Why Are My Tomato Plant’s Roots Showing? (How To Stop It)

If you grow tomatoes in your garden, it is possible that the roots will be showing on some of your plants.  But why does this happen?  I did some research to find out, and discovered a few possible causes.

So, why are your tomato plant’s roots showing?  Shallow watering of your tomato plants can cause the roots to reach towards the surface of the soil in search of water.  Your tomato plant’s roots may also show if you do not bury the plant deeply enough in the spring.  It is possible that wind, rain, watering, or flooding may wash away topsoil, exposing your tomato plant’s roots.

Let’s take a closer look at the each of the main causes of exposed roots and why they can be harmful to your plants.  Then we’ll offer some suggestions for ways you can treat tomato plant roots that are showing and prevent the problem in the future.

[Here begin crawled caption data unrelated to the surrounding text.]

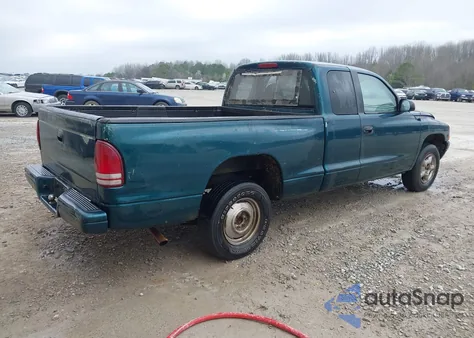 1997 Dodge Dakota Slt/Sport z USA, uszkodzony, nr VIN 1B7GL23X8VS130176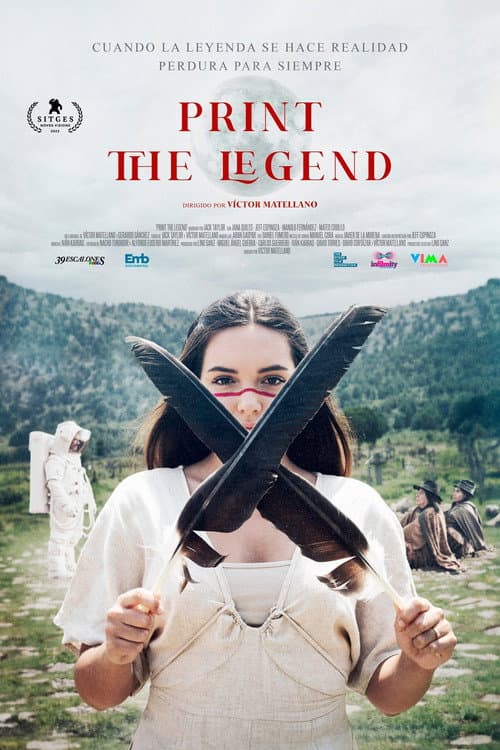 Print the Legend afişi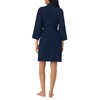 Nautica Womens Soft Robe - Above Knee 3/4 Length Sleeve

Why Are My Tomato Plant’s Roots Showing?

There are three main reasons that your tomato plant roots are showing: shallow watering, shallow planting, or soil erosion.  Luckily, there are steps you can take to address each of these causes of exposed roots on your tomato plant – we will get into this later.

tomato plant roots
If any of your tomato plant’s roots are showing above ground, then there is a problem!

Shallow Watering Of Your Tomato Plant

If you provide improper watering to your tomato plant, you can weaken the plant over the course of the growing season.  Even worse, the roots of the tomato plant may begin to show at the surface of the soil.

When you provide shallow, frequent watering to your tomato plant, the water never has a chance to penetrate deeper into the soil.  Either it evaporates in the sun and air, or the plant uses the water quickly.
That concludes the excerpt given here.